I'm reading Andreas Gathmanns lecture notes on Algebraic geometry, found here, and on page 68, there is a proof of lemma 8.8 where I don't understand a step, could anyone explain?
Lemma 8.8: Let $v_1,...,v_k \in K^n$ and $w_1...w_k \in K^n$ be both linearly independent. Then $v_1 \wedge ... \wedge v_k$ and $w_1 \wedge ... \wedge w_k$ are linearly dependent in $\Lambda^kK^n$ if and only if $\text{Lin}(v_1,...,v_k) = \text{Lin}(w_1,...,w_k)$
(here I take $\text{Lin}(v_1...v_k)$ to mean the subspace spanned by those vectors)
Proof:("$\leftarrow$") Assume that $\text{Lin}(v_1,...,v_k) \not= \text{Lin}(w_1,...,w_k)$, so without loss of generality that $w_1 \not\in \text{Lin}(v_1,...,v_k) $.
Comment: OK $v_i$ and $w_i$ don't span the same space, so $w_1 \not\in \text{Lin}(v_1,...,v_k) $. Some $w_i$ could be in the span but at least one is not, for else they would span the same subspace.
Proof: Then $w_1, v_1,...v_k$ are linearly independent and thus $w_1 \wedge v_1 \wedge... \wedge v_k \not= 0$.
Comment: This is fine too, since wedges are $0$ iff their vectors are linearly dependent.
Proof: But by assumption, $v_1 \wedge ... \wedge v_k = \lambda w_1 \wedge ... \wedge w_k$ for some $\lambda \in K$...
And here I don't understand, where is this assumption?
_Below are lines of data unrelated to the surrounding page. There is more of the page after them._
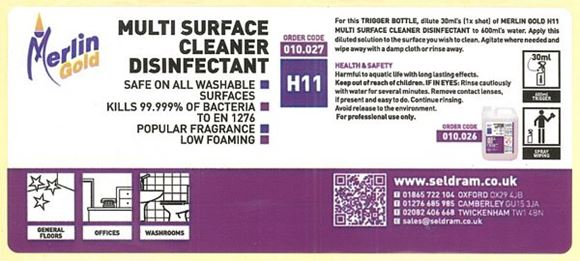 Picture of MERLIN H11 M-SURFACE CLEANER DISINFECTANT LAB |Ctn 10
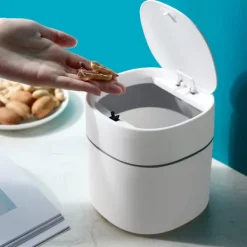 Best Mini skrivbordspapperskorg, täckt skräp förvaringsrengöringsrör, skrivbordspapperskorg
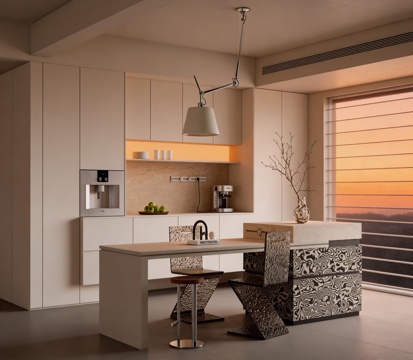  开放式餐厅 餐厅 吧台 厨柜3d模型 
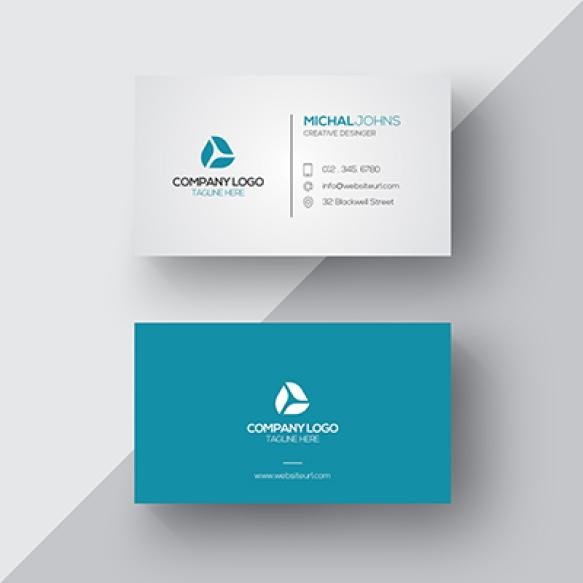 Blue White Business Card
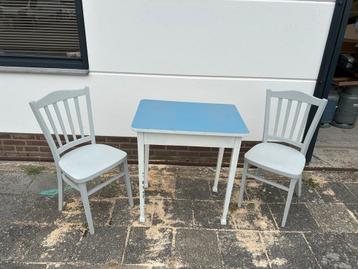 Eethoek / Tafel met 2 stoelen - Blauw/Grijs beschikbaar voor biedingen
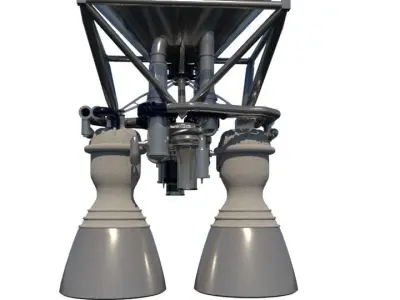 LR87 Rocket Engine Low-poly 3D model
I thought this only happened exactly when they DO span the same subspace? For example: $e_1, e_2 \in \mathbb{R}^3 $ span the same space as $2e_1,e_2$ and $(2e_1) \wedge e_2 = 2e_1\wedge e_2$, and we assumed exactly the opposite! Is this wrong? If so, under what condition does this happen and what's the intuitive meaning of $v_1 \wedge ... \wedge v_k = \lambda w_1 \wedge ... \wedge w_k$?
Thanks in advance
He's proving the forward direction. Namely, he's assuming that $\bigwedge v_i$ and $\bigwedge w_i$ are linearly dependent, and two vectors are dependent iff one is a scalar multiple of the other.